-- INSTRUCTIONS TO FOLLOW --
Exact reproduction required: the lines below from the line with "RW4012 WAYFARER (Gen 2) Ray-Ban Meta" to the line with "Dahua PFA120 Alüminyum", both ends included, and no others.

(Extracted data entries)
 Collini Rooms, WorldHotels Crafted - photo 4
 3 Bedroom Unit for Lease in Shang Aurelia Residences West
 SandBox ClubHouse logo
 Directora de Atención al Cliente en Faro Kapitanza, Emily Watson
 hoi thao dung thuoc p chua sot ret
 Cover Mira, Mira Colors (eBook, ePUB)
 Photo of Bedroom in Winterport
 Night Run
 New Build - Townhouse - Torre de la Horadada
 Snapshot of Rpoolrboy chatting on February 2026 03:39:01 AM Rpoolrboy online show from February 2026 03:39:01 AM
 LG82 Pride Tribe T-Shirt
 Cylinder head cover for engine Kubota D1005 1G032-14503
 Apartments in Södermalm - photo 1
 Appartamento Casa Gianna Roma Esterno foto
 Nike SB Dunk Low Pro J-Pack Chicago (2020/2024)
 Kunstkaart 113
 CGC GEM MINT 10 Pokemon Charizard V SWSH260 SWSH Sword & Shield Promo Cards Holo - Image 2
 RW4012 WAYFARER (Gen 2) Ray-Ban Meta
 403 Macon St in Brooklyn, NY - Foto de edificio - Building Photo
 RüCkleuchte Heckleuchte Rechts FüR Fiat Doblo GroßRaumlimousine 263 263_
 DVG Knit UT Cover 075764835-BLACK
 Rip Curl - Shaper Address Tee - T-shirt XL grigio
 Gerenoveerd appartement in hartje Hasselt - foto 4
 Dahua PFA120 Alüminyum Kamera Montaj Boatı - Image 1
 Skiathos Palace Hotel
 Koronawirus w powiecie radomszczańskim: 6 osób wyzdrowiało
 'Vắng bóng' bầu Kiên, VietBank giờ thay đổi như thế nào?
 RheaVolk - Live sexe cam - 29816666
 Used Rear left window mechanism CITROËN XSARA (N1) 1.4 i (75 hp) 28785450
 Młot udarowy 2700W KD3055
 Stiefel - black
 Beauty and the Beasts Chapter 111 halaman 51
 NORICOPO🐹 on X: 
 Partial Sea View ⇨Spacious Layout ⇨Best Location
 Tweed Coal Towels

-- RESPONSE --
 RW4012 WAYFARER (Gen 2) Ray-Ban Meta
 403 Macon St in Brooklyn, NY - Foto de edificio - Building Photo
 RüCkleuchte Heckleuchte Rechts FüR Fiat Doblo GroßRaumlimousine 263 263_
 DVG Knit UT Cover 075764835-BLACK
 Rip Curl - Shaper Address Tee - T-shirt XL grigio
 Gerenoveerd appartement in hartje Hasselt - foto 4
 Dahua PFA120 Alüminyum Kamera Montaj Boatı - Image 1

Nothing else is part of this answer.